Ein fröhliches Fest auf dem Gelände der Grundschule mit 500 Gästen begann um 14 Uhr. Unter anderem gab es handgefertigte Artikel aus Behindertenwerkstätten und aus den beiden Raguhner Kirchengemeinden zu kaufen

Eine Fußballmannschaft der Caritas-Behindertenwohnstätte Burgkemnitz trat gegen eine Raguhner Mannschaft im Fußball an. Und das war dann die Besonderheit des Spiels: Beide Mannschaften erhielten bei der Siegerehrung einen Pokal. Der Erlös des Festes, das zahlreiche Helfer und Sponsoren ermöglichten - rund 600 Mark - soll dem Burgkemnitzer Caritasheim zugutekommen

Wichtig waren an dem Nachmittag aber auch die vielen Begegnungen und Gespräche. Während die Kinder sich draußen vergnügten, nahmen etliche Erwachsene an einem Vortrag in der Schulaula teil. Gemeinsam mit dem Referenten Dr. Otto und mit dem evangelischen Pfarrer Theodor Hering dachten sie über das Thema "Heute noch ein Kind?" nach und diskutierten darüber. So manche Unsicherheit und verborgene Not wurde da angesprochen. "Hier ist etwas in Bewegung geraten, was nicht wieder einschlafen darf.

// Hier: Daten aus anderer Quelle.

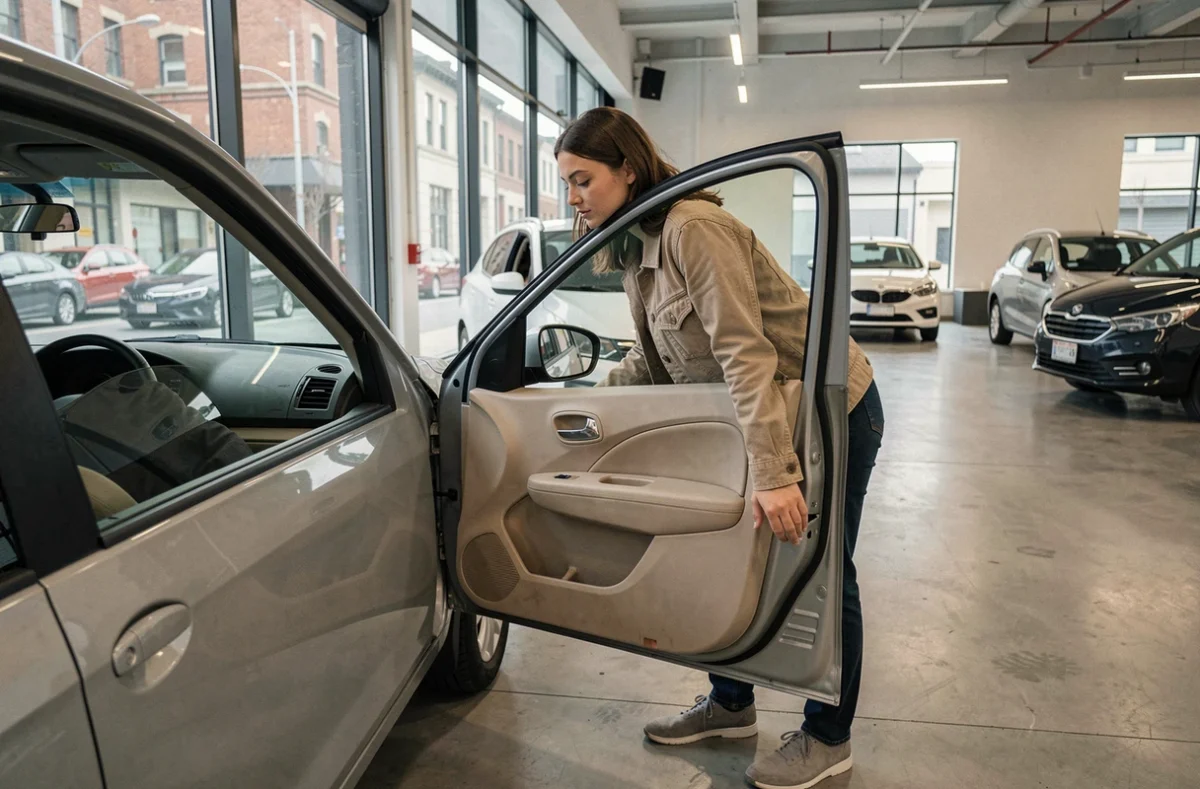 Femme inspectant l'intérieur d'une voiture d'occasion dans un showroom automobile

Bereits am Montag hatten die beiden Raguhner Kirchen zu einer ersten Gesprächsrunde über das Thema der Woche für das Leben eingeladen. Behinderte Kinder und Jugendliche und deren Eltern fühlen sich oft benachteiligt und unverstanden, kam dabei heraus

Aus den Worten der Pflegemutter eines epileptischen Jungen klang Resignation und Verbitterung. "Durch das Leiden des Kindes sind viele Kontakte und Beziehungen zerbrochen. An eine Urlaubsreise kann ich nicht denken", sagte sie

Die Teilnehmer der Veranstaltung zeigten Betroffenheit. Die anwesenden Pädagogen wiesen darauf hin, daß im Umgang mit Behinderten Unkenntnis vorherrscht. Oftmals erwachse daraus Berührungsangst. Mit Mitleid und Bedauern könne man behinderten Menschen jedoch nicht helfen

Sie wollten als vollwertige Mitglieder in die Gesellschaft eingegliedert werden. Jede Aus- und Absonderung sei schädlich. Man müsse die Fähigkeiten der Behinderten und sie fördern, damit Selbstbewußtsein wachsen könne. Sonderschulpädagogen leisteten diesbezüglich großartige Arbeit, die aber nach Verlassen der Schule oft wieder zerschlagen werde. Eltern stünden oftmals in einer ausweglosen Situation und bräuchten Unterstützung, Hilfe und Verständnis

"Wie frei ist der Mensch?" hieß das Thema eines Vortrages, den der Kirchenpräsident der Anhaltischen Landeskirche, Helge Klassohn, am Freitag abend hielt. Er sprach unter anderem über gesetzliche Regelungen der Gentechnik. D. Hille / tdh

Dieser Beitrag wurde veröffentlicht in Ausgabe 25 des 47. Jahrgangs (im Jahr 1997).